WORK TASK →
Using the data that follows, return exactly the lines from the one that contains "Hommes T-shirt à" through the one that contains "Obraz premium Close-up", ends included.

Dataset records →
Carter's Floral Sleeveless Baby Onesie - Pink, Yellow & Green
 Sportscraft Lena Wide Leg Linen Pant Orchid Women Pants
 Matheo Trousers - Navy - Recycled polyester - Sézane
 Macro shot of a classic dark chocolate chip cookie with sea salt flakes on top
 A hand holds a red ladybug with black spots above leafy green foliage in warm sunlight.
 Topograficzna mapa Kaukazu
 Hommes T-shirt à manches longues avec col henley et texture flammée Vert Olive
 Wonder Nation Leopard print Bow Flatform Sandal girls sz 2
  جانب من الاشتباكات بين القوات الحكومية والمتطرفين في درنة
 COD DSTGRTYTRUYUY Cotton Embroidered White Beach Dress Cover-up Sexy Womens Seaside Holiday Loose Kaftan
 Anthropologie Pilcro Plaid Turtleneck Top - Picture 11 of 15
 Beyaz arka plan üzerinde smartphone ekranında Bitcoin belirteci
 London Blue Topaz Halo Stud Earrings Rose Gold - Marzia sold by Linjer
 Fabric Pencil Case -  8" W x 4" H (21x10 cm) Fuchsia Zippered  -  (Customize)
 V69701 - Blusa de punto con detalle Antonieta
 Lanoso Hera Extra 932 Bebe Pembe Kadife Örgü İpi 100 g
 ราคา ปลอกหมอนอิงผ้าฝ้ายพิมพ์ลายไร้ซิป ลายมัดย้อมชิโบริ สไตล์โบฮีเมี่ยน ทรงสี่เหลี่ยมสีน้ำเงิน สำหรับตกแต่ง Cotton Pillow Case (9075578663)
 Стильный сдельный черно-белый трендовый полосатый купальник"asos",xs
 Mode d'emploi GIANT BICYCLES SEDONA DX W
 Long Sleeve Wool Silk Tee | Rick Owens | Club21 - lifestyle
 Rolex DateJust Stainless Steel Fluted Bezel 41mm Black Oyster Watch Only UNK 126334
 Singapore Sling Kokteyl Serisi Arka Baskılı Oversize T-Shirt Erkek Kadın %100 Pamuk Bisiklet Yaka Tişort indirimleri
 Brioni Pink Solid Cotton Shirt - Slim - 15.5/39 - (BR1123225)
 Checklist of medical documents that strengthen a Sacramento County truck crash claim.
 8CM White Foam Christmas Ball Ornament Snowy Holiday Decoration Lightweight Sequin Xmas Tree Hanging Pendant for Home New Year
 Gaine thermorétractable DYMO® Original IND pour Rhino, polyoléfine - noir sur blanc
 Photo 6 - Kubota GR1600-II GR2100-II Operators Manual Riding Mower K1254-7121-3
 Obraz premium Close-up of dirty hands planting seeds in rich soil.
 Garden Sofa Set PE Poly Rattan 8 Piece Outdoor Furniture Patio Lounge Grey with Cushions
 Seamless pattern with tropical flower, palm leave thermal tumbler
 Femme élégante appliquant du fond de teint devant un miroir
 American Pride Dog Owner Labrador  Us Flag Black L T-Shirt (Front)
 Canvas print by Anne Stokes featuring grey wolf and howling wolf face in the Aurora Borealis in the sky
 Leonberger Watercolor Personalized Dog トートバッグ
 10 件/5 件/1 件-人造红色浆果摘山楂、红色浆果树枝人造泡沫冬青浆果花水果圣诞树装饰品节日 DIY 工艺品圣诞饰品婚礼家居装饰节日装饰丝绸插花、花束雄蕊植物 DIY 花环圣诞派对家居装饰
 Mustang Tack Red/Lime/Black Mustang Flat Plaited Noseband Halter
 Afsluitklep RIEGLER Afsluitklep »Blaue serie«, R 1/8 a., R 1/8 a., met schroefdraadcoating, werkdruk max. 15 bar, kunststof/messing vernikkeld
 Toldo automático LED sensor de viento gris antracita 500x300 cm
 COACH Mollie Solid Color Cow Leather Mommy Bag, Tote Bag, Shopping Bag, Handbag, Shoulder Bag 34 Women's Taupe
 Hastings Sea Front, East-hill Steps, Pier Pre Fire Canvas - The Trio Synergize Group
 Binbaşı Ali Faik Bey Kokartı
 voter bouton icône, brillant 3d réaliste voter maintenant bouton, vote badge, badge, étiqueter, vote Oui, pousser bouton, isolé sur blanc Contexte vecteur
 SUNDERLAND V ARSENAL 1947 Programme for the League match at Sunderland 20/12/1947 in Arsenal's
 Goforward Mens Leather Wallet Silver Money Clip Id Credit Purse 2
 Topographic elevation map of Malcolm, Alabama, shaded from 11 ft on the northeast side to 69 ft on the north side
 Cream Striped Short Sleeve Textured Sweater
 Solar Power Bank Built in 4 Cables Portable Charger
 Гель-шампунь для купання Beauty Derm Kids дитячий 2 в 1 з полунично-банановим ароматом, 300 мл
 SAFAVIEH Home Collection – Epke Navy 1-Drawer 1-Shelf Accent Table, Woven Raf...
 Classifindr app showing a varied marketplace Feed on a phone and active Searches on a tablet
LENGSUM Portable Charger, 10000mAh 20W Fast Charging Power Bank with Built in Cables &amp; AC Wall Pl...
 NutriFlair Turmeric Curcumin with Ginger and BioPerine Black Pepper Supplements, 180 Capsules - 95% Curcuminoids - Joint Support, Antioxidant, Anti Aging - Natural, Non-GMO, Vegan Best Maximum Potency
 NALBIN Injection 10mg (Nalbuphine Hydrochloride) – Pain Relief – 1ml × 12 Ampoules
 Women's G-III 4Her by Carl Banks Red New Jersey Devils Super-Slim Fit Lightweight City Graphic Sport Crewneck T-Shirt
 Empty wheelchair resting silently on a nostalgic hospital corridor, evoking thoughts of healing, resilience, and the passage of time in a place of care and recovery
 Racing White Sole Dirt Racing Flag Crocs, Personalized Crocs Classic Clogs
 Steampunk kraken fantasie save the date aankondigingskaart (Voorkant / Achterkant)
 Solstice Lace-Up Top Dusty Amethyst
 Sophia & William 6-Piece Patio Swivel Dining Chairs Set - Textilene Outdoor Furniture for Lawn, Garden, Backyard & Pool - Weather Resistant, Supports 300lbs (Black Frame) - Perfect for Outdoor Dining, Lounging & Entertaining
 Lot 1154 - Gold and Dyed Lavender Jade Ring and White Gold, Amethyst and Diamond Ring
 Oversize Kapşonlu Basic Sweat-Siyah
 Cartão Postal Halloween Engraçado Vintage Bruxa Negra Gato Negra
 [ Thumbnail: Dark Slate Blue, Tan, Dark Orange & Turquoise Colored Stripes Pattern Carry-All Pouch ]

REPLY →
 Hommes T-shirt à manches longues avec col henley et texture flammée Vert Olive
 Wonder Nation Leopard print Bow Flatform Sandal girls sz 2
  جانب من الاشتباكات بين القوات الحكومية والمتطرفين في درنة
 COD DSTGRTYTRUYUY Cotton Embroidered White Beach Dress Cover-up Sexy Womens Seaside Holiday Loose Kaftan
 Anthropologie Pilcro Plaid Turtleneck Top - Picture 11 of 15
 Beyaz arka plan üzerinde smartphone ekranında Bitcoin belirteci
 London Blue Topaz Halo Stud Earrings Rose Gold - Marzia sold by Linjer
 Fabric Pencil Case -  8" W x 4" H (21x10 cm) Fuchsia Zippered  -  (Customize)
 V69701 - Blusa de punto con detalle Antonieta
 Lanoso Hera Extra 932 Bebe Pembe Kadife Örgü İpi 100 g
 ราคา ปลอกหมอนอิงผ้าฝ้ายพิมพ์ลายไร้ซิป ลายมัดย้อมชิโบริ สไตล์โบฮีเมี่ยน ทรงสี่เหลี่ยมสีน้ำเงิน สำหรับตกแต่ง Cotton Pillow Case (9075578663)
 Стильный сдельный черно-белый трендовый полосатый купальник"asos",xs
 Mode d'emploi GIANT BICYCLES SEDONA DX W
 Long Sleeve Wool Silk Tee | Rick Owens | Club21 - lifestyle
 Rolex DateJust Stainless Steel Fluted Bezel 41mm Black Oyster Watch Only UNK 126334
 Singapore Sling Kokteyl Serisi Arka Baskılı Oversize T-Shirt Erkek Kadın %100 Pamuk Bisiklet Yaka Tişort indirimleri
 Brioni Pink Solid Cotton Shirt - Slim - 15.5/39 - (BR1123225)
 Checklist of medical documents that strengthen a Sacramento County truck crash claim.
 8CM White Foam Christmas Ball Ornament Snowy Holiday Decoration Lightweight Sequin Xmas Tree Hanging Pendant for Home New Year
 Gaine thermorétractable DYMO® Original IND pour Rhino, polyoléfine - noir sur blanc
 Photo 6 - Kubota GR1600-II GR2100-II Operators Manual Riding Mower K1254-7121-3
 Obraz premium Close-up of dirty hands planting seeds in rich soil.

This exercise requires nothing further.